Sitting Congressmen and the Search for Orthodoxy

The New York Times has a profile of Illinois 3rd Congressional District Congressman Dan Lipinski, who’s facing significant primary opposition from the left in his quest for yet another term:

In California, party activists at the state Democratic Convention last week rejected Senator Dianne Feinstein, a moderate lawmaker, refusing to formally bless her re-election. In Texas, the Democratic Congressional Campaign Committee opened fire on a progressive candidate, Laura Moser, posting negative research to blunt her rise in fear that a victory by her in Tuesday’s primary race could doom the party’s bid for a suburban Houston district in November.

But the battle to define the party is playing out most vividly in overwhelmingly safe House districts around cities like Boston, Chicago and New York, where younger liberals, often women, people of color or both, are confronting men who are products of a clubhouse politics where fealty to the organization was paramount.

And no lawmakers may be more vulnerable to the rising left than Mr. Lipinski and, in Massachusetts, Representative Michael E. Capuano, a far more liberal Democrat who is nevertheless confronting a restless electorate in his Boston-based district.

Mr. Lipinski, opposed to abortion and uneasy with gay rights, is locked in a bitter campaign with Ms. Newman, a former marketing consultant who has backing from powerful liberal groups such as Naral Pro-Choice America and the Human Rights Campaign.

There are some significant omissions from the profile. Lipinski has a PhD in political science from Duke and taught at Notre Dame and University of Tennessee before ascending to take his dad’s, long-time Congressman Bill Lipinski’s, seat in Congress in a political deal that stank to high heaven. I wrote against him when he first ran for office, essentially on the grounds that I hate political dynasties. I don’t think they’re conducive to republican let alone democratic government.
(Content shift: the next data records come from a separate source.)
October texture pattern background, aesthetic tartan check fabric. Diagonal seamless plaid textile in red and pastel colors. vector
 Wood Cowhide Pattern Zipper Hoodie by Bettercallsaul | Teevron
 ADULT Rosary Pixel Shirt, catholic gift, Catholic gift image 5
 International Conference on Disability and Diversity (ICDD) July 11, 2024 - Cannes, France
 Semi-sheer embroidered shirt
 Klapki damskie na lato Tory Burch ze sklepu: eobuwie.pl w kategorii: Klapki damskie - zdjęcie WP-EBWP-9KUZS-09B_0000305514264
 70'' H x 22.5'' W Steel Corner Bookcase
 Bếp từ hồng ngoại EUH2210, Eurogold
How much has the 3rd District since his dad represented it 15 years ago? That’s what the primary will determine. I would caution coastal progressives that being a Democrat in Chicago does not necessarily mean the same thing that it does in Manhattan or Boston or San Francisco and that it’s possible to win the primary but lose in the general election. It’s been a safe seat for Lipinski but there’s no guarantee that it will be for Ms. Newman.